Wednesday 16 August 2006

WHY CHICAGO SUCKS

At the dinner sitting at the "artist's" table, two things come up. What we do and where we are from.

The what we do is dealt with quickly, as Amy and I both are artists – I prefer photographer – and teach in the nation’s number one photography department at the world's greatest art establishment. We were seated at the table with Catherine Wagner and her partner. Who countered with
-Oh? Who’s there now? Joy’s gone, Barbara Crane’s retired, so has Ken, Fred's dead. Is Barbara de Genevieve still there? haven’t heard much about it lately.

So I guess the answer is a bunch of nobodies.

When it gets down to where are you from, people seem to feel that they have say “what a great city” when Chicago is mentioned. I don't mention Chicago. Amy said yeah. I said it sucks.

Ah lively debate.
Chicago sucks as it is over regulated. While I am no fan of San Fran – that later – at least the neighbourhoods are distinct. The shops along Fillmore are not like the shops along Haight nor along Judah. There aren’t teardowns in up and coming areas people rehab. I saw little of what is happening in any area that is surrounding the loop, the pulling down of a modest house for the building of the oversized fortress. Don’t know why this is not happening in San Fran but it makes for more interesting walks and a the feeling that new ground is being covered. Neighbourhoods like West Portal, Castro, or along Taraval Boulevard have shops that engage the surreal of the recent past rather than the urge to be oh so trendy – and failing. In a city a third the size of Chicago I found more places to hang out and have a non Starbucks coffee than in the city of big shoulders.

Both Chicago and San Fran are based on a grid but while it may be harder to find addresses in San Fran’s case they have managed to make the grid more interesting – see neighbourhoods above. Add to this the lanes and alleys stairs and cul-de-sacs and the place is rife for exploration. In Chicago is Division Street all that much different than North Avenue.

San Fran where property values are outrageous decided to keep the Presidio green, Chicago which had the same opportunity with the old marshalling yards east of the Loop and the South Loop turned it into Condoland.

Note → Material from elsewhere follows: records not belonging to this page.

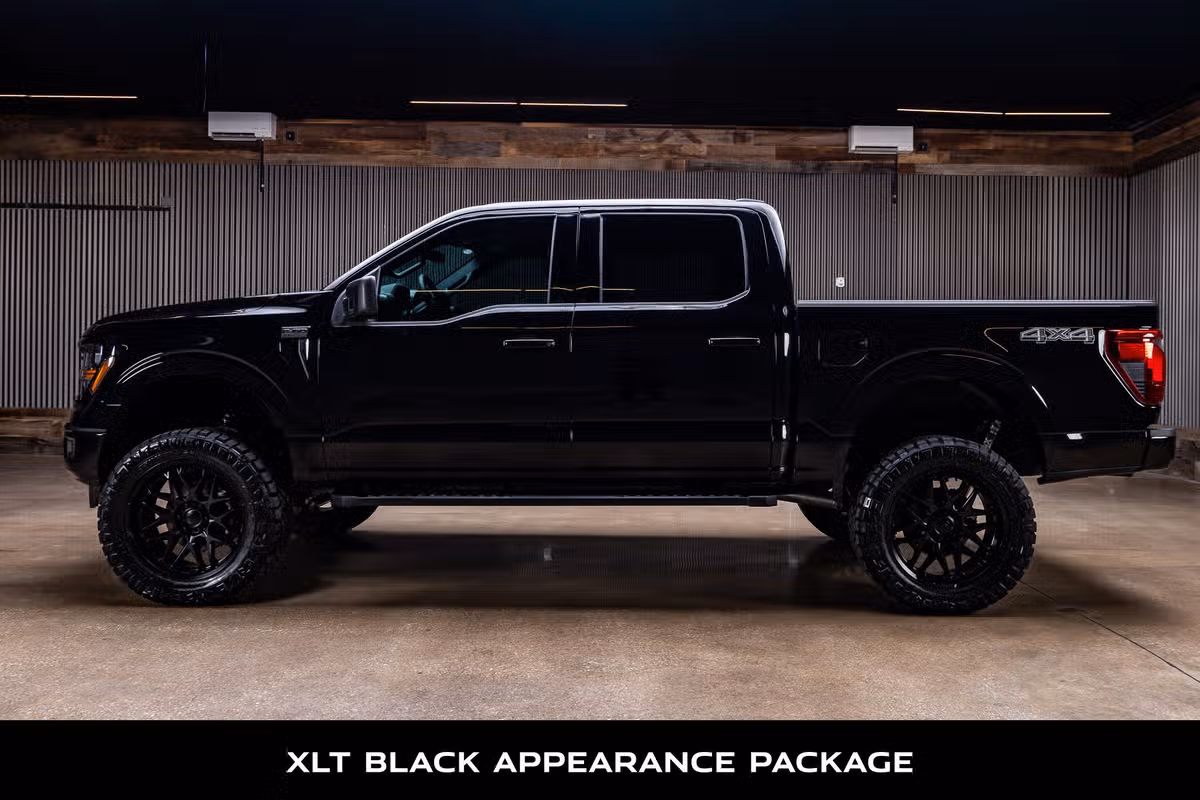 2026 Ford F-150 XLT SuperCrew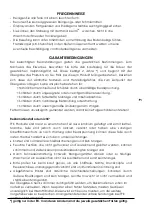 Preview for 7 page of TFK Multi X Operating Manual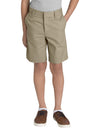 Dickies Boys Classic Fit Flat Front Shorts, Sizes 8-20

Didn’t find in San Francisco a park built to the glory of an Il Duce like mayor which is closed for private parties more than it is open as Millennium Park is.

From downtown San Francisco, I can see the Marin headlands, Mount Tam where Breezer, Fisher et all started the mountain bike craze. From Ocean Beach I can see Half Moon Bay and – I think Stinson Beach.

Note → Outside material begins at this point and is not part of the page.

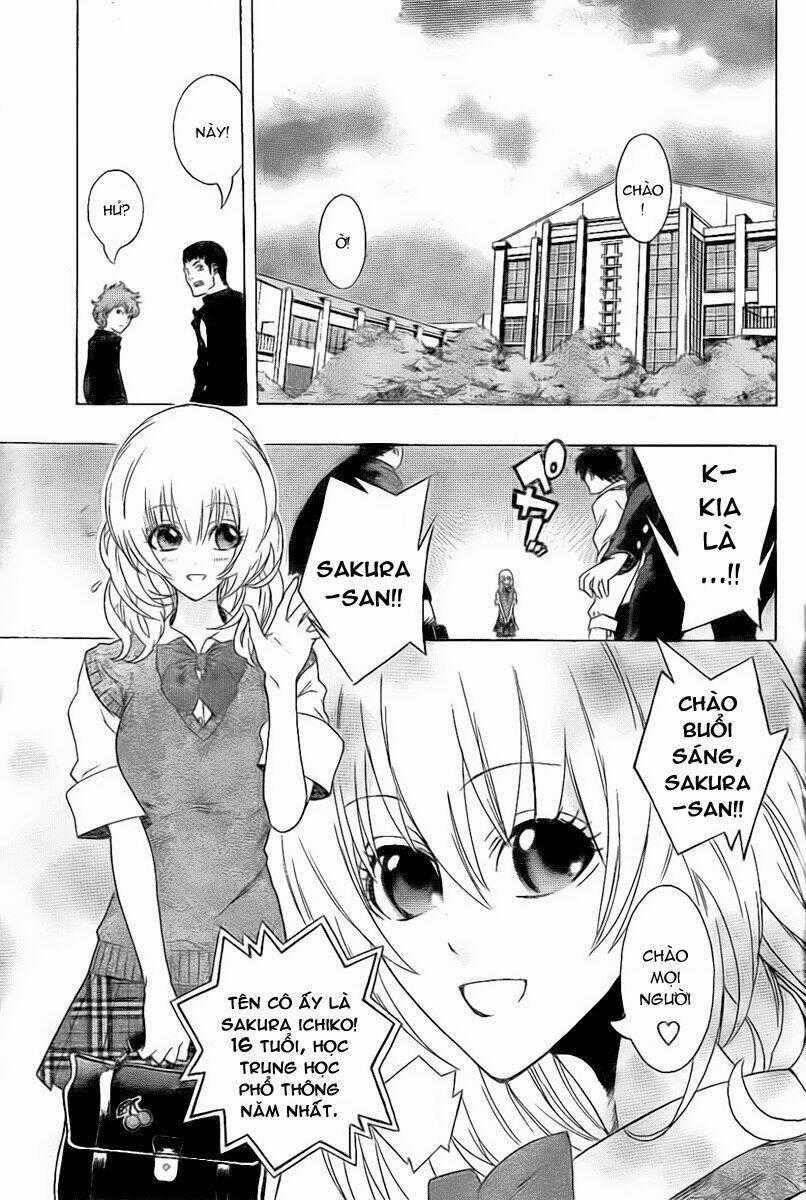 Binbougami Ga - Chapter 0 - Trang 2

From Chicago I can see Schaumburg and Gary.

Restaurant choices - anything like Greens or Millennium for the vegetarian in Chicago San Fran 3 x 0 Chicago. Organics abound. Not enough time to go into he choices of Indian, East Asian, West Asian, Mexican food. I would come back hungry as I couldn’t make a decision – Shalamar or Chutney. Chutney or Shalamar…

As for diversity…

But the art scene in Chicago… yeah but what do you do the second day. All the galleries can be seen in a decent weekend – pretty lame for the once second city. While San Fran may not be any better, it does have an excuse it being much smaller.

The polite fallback was Chicago is too worried about competing with New York City to let its traits shine.

To poorly paraphrase Gertrude Stein concerning traits, there is no there there.

2 comments:

mendacious said...

well naturally that's why i moved to LA.

rc-d said...

wow! l.a.!? isn't that worse, talk about trying to leave a city...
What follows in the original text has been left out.